Suoranta states that he could not tolerate a situation "where a young person was about to be sent into an uncertain, perhaps life-threatening, situation. If it was in my power to do something, I had to do something.... Although I did not know what asylum, deportation, irregular immigration, or the Dublin agreement meant, it was necessary to try to do something, search for help, at least. When I found out that there was no organisation, including the church, which could help, I realised that I had a duty." Thus he hid the youngster to his late grandfather's apartment.

The book has three storylines or intertwined layers. In one level it describes in a form of a journal the actual incidents in chronological order, a 5-month period from March to August 2009. In other level it ponders the author's inner feelings and anxieties in a difficult and unprecedented circumstances. And yet in another level the text contains ethical and moral reflections pertaining universal questions of helping another human beings referring, among others, to sociologist Zygmunt Bauman and philosopher Peter Singer, especially his Practical Ethics and The Life You Can Save.
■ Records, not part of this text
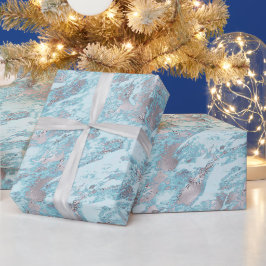 Blue Aqua Silver Marble Presentpapper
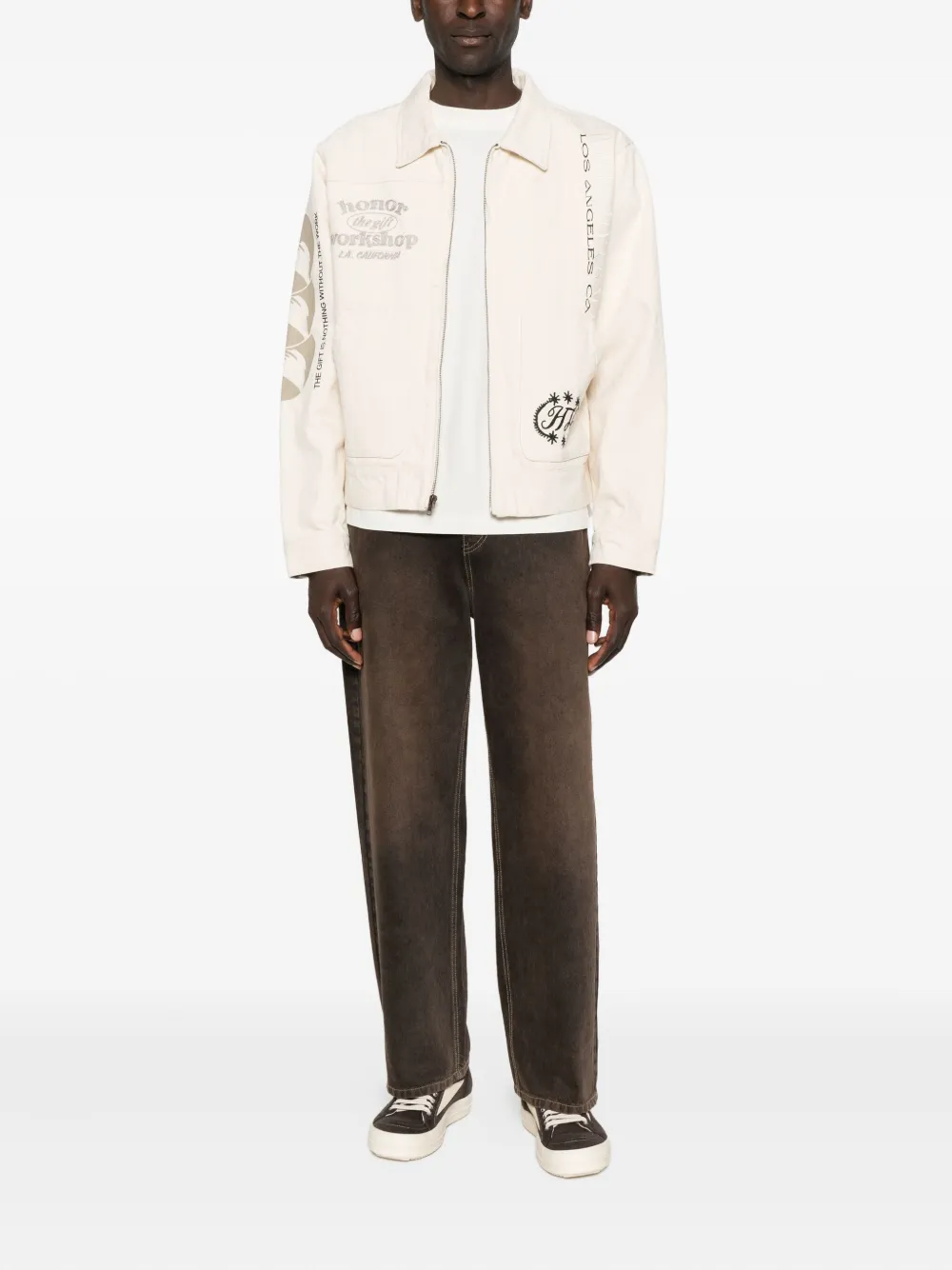 Honor The Gift zip-up graphic-print jacket | Shirt Jackets | Image 2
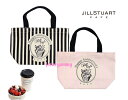 【正規品】【期間・数量限定】JILL STUART CAFE(ジルスチュアートカフェ)★15周年記念 ストライプ ボーダー トートバッグ★エコバッグ♪Sサイズ☆ピンクorブラック★店舗限定!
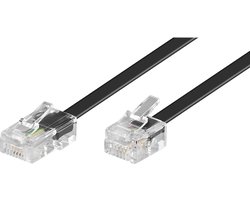 Goobay Modulaire telefoonkabel, RJ45-stekker (8P4C) naar RJ11-stekker (6P4C), met CCA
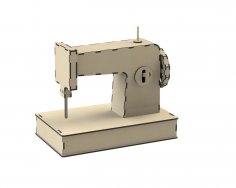 Sewing Machine Laser Cut Free Vector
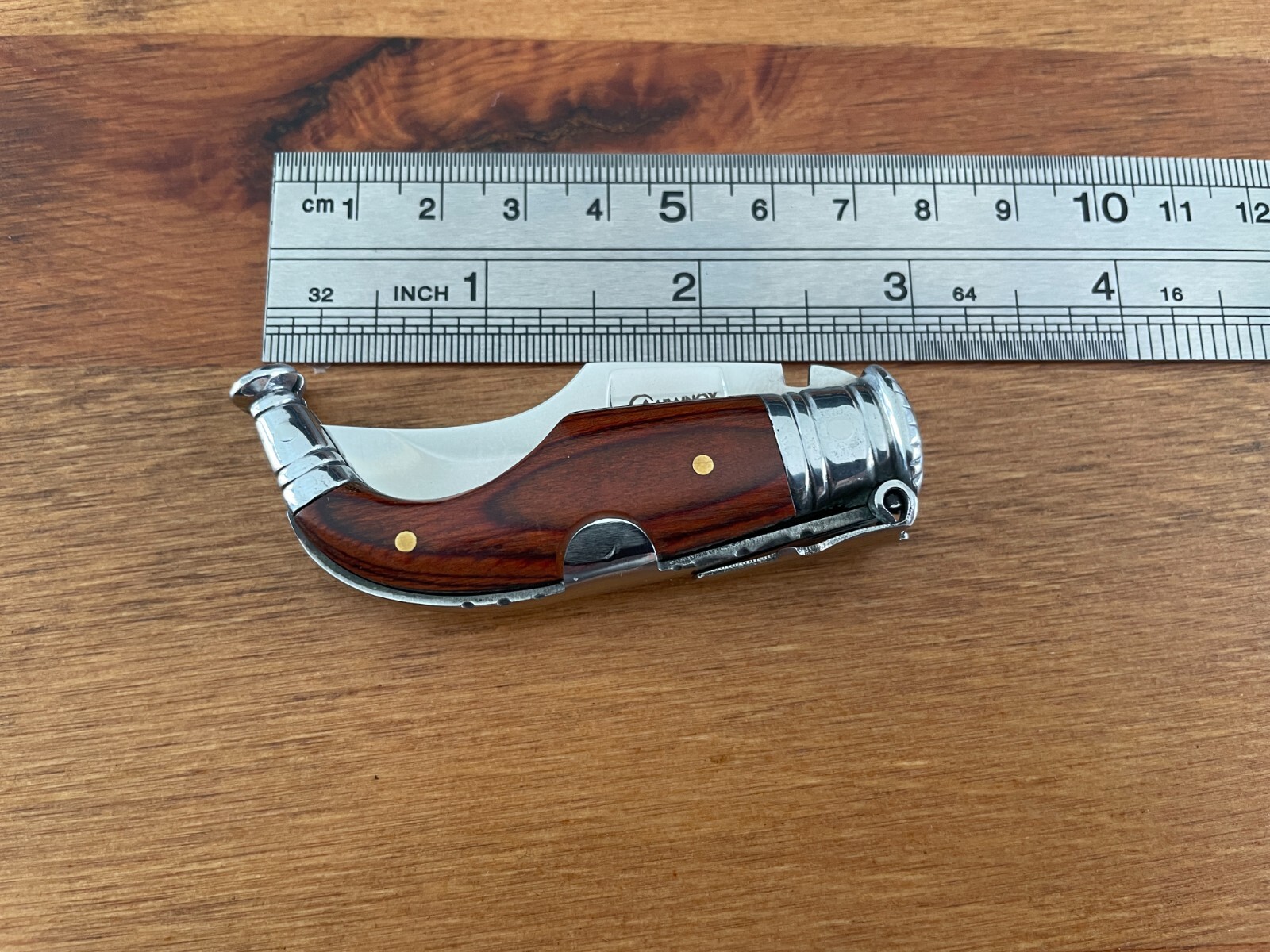 1.95” Spanish Navaja Capaora Pocket Knife Red Stamina Wood – USA seller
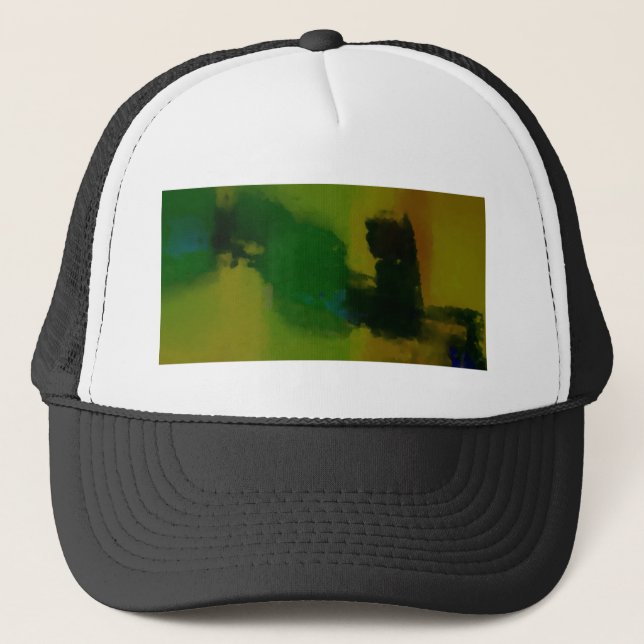 Casquette Abstrait vert créatif (Devant)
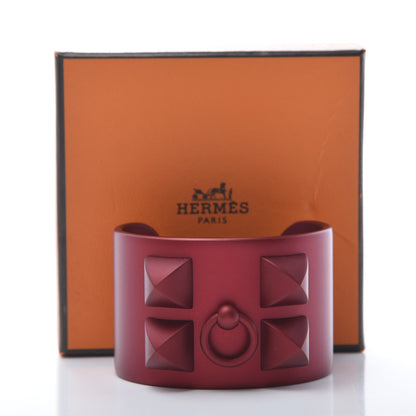 Hermes Aluminium Sunset Collier De Chien CDC Bracelet T2 Rouge H 5 of 5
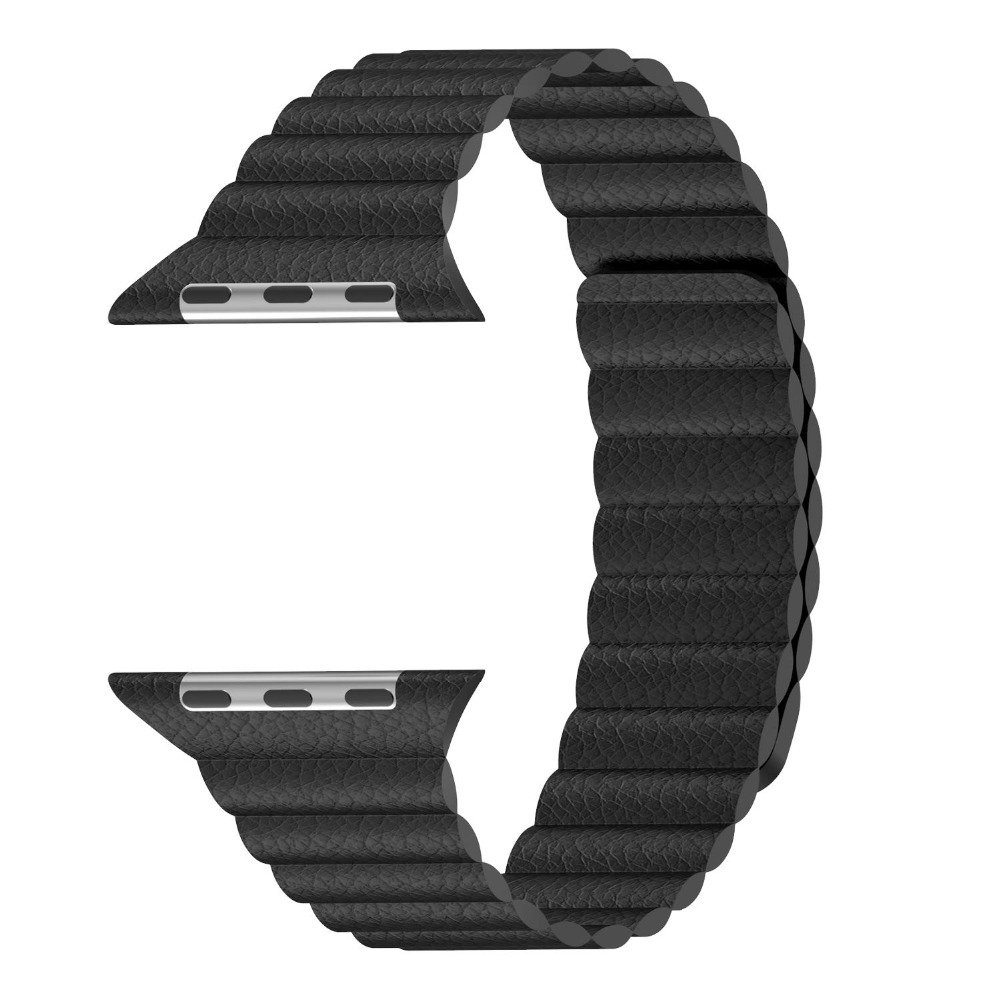 Magnetic Leather Band for Apple Watch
Suoranta's ethics in helping and hiding a stranger is as follows: "Suffering and death because of the lack of basic needs or protection are unnecessary. And if they can be prevented without notable sacrifices, compared to suffering and death, it is wrong not to help."

== Reception ==
In Finland, the book attracted publicity in newspapers, magazines and blogosphere as stories and book reviews; e.g. Helsingin Sanomat, the largest subscription newspaper in Finland, published a story in its Sunday pages titled "Good Tamperenian" in the eve of the book's publication.